#### Assignment
For this exercise, output the entries below exactly from the line that holds "Griechische Landschildkröte (Testudo" to the line that holds "La madera en", both ends included. No pictures belong in the copy.
*** Opening Records to process ***
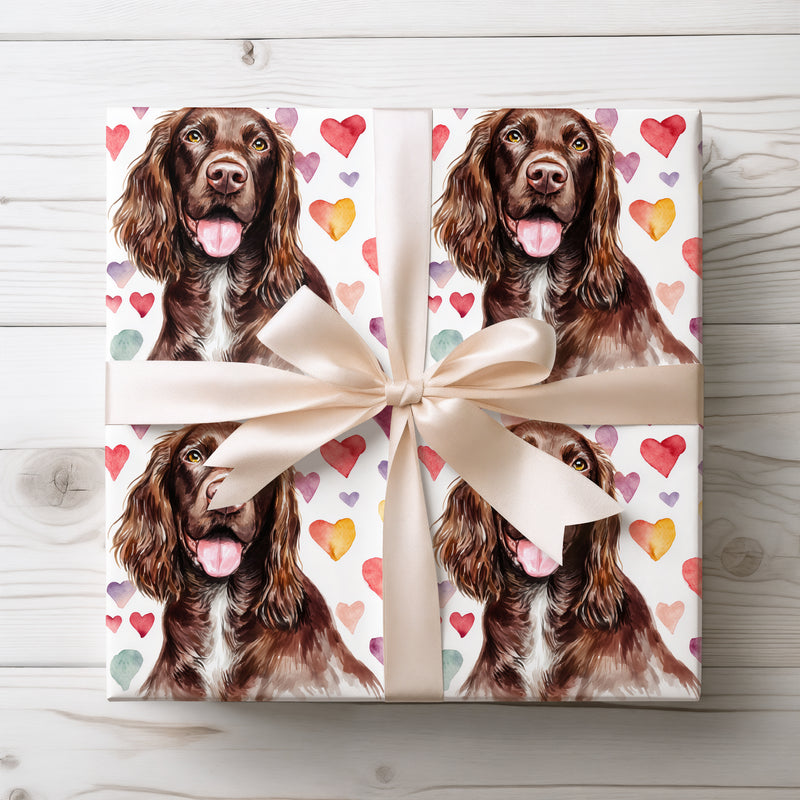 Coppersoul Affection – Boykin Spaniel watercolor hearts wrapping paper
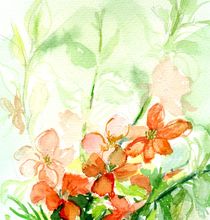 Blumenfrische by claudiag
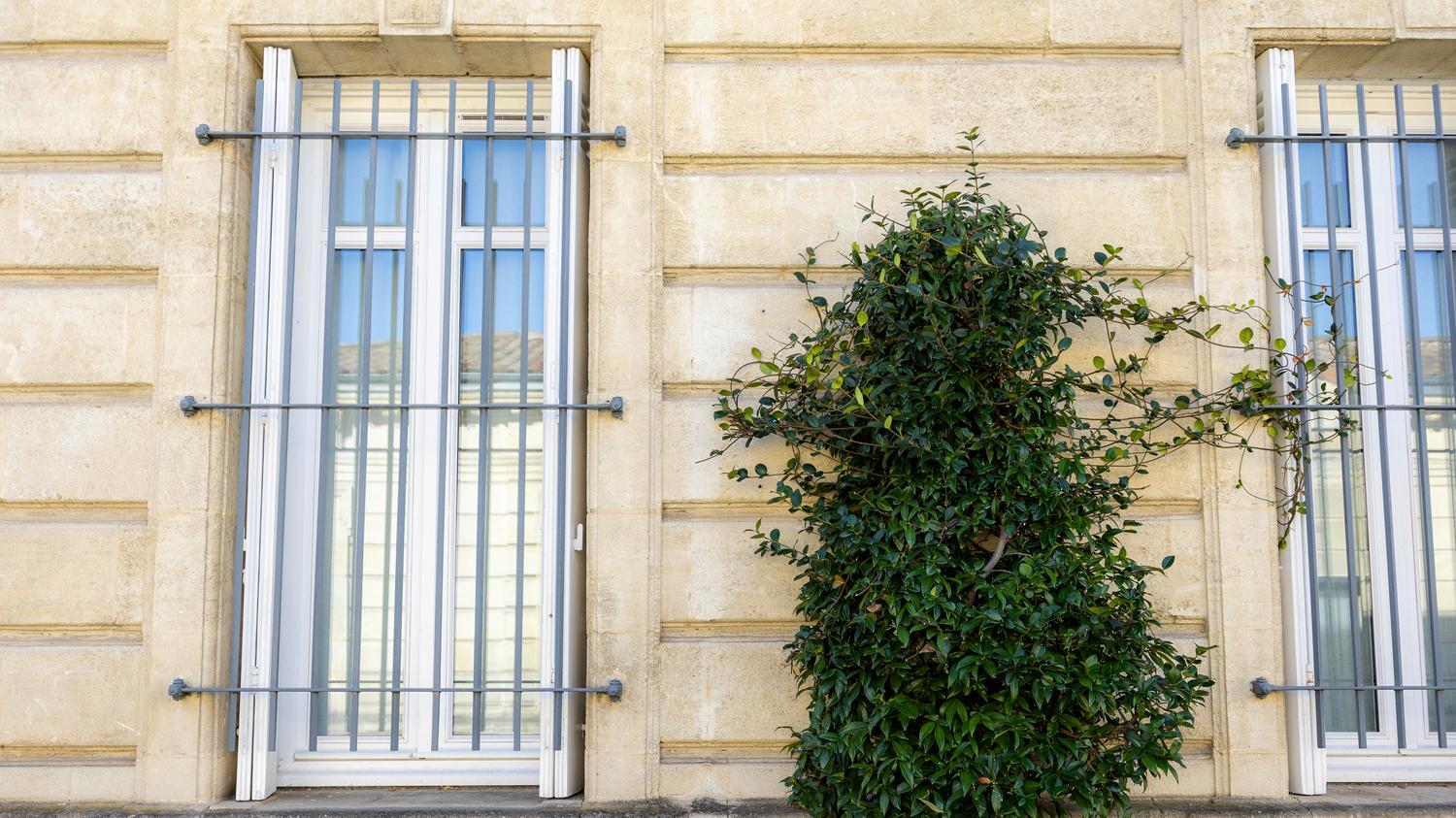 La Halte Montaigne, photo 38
*** Closing Records to process ***
*** Opening Records to process ***
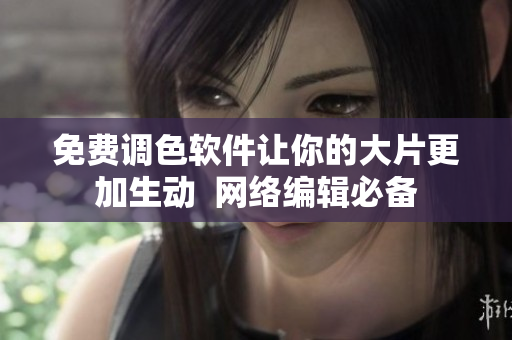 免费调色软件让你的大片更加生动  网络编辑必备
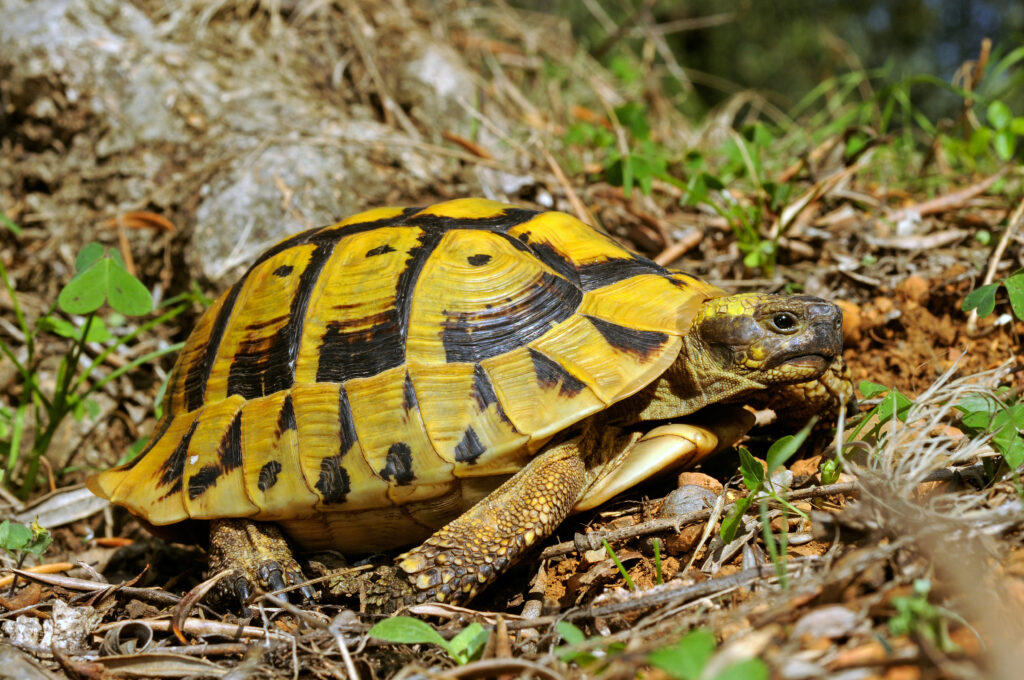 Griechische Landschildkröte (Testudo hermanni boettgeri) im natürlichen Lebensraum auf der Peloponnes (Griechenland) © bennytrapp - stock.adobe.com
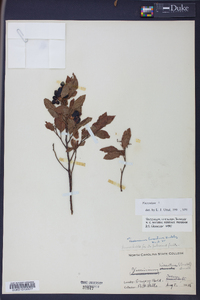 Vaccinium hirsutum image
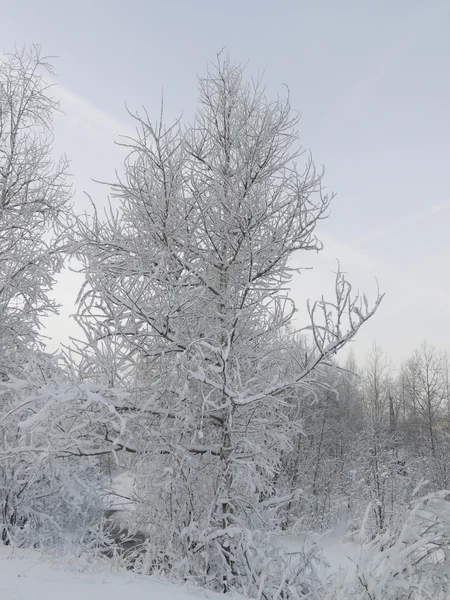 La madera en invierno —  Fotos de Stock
*** Closing Records to process ***
*** Opening Records to process ***
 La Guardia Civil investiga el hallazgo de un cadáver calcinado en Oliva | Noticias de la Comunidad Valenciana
*** Closing Records to process ***
#### Result for this task
 Griechische Landschildkröte (Testudo hermanni boettgeri) im natürlichen Lebensraum auf der Peloponnes (Griechenland) © bennytrapp - stock.adobe.com
 Vaccinium hirsutum image
 La madera en invierno —  Fotos de Stock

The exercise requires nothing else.